GIVEN DATA below:

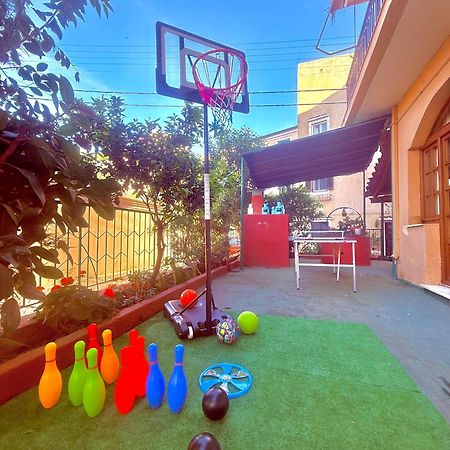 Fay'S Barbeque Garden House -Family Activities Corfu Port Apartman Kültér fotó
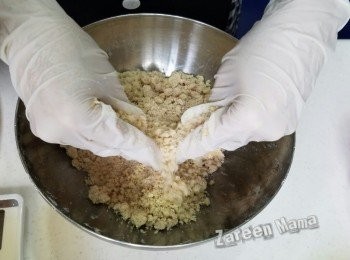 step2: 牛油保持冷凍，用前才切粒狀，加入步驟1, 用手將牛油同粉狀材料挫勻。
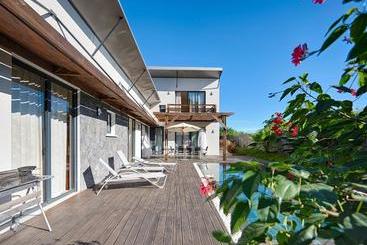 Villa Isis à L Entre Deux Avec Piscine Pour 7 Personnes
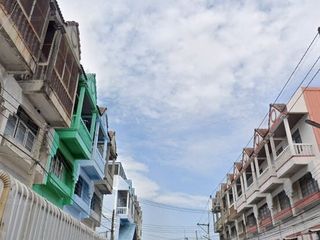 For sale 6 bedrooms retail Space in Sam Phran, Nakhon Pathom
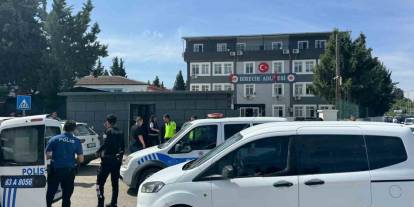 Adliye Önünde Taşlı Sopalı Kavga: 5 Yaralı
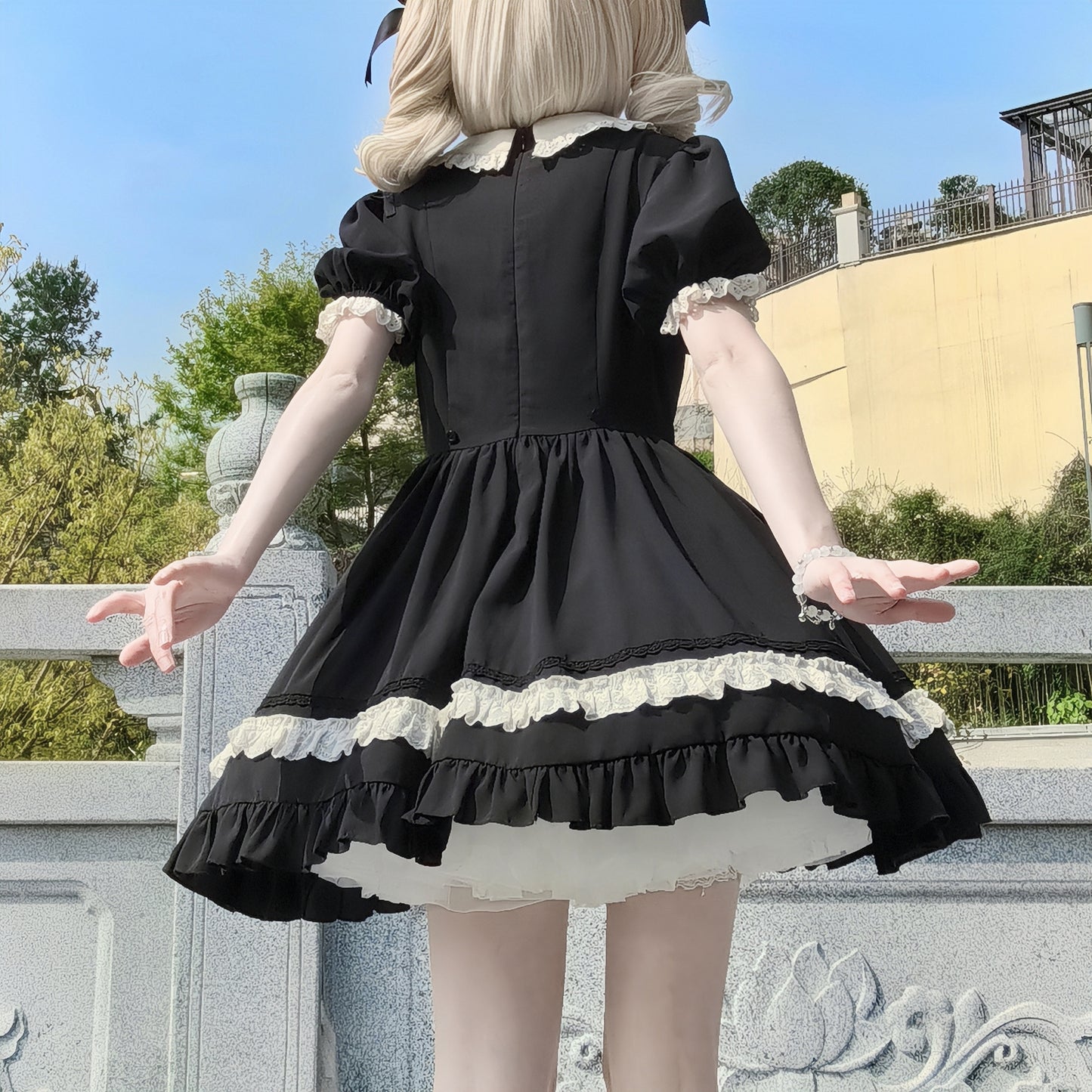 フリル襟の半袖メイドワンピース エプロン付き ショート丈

End of GIVEN DATA.

◆ WORK INSTRUCTIONS:
Exactly the lines from the top of the entries through the line with "For sale 6 bedrooms", inclusive, must be given again, with every picture omitted.

◆ THE ANSWER:
 Fay'S Barbeque Garden House -Family Activities Corfu Port Apartman Kültér fotó
 step2: 牛油保持冷凍，用前才切粒狀，加入步驟1, 用手將牛油同粉狀材料挫勻。
 Villa Isis à L Entre Deux Avec Piscine Pour 7 Personnes
 For sale 6 bedrooms retail Space in Sam Phran, Nakhon Pathom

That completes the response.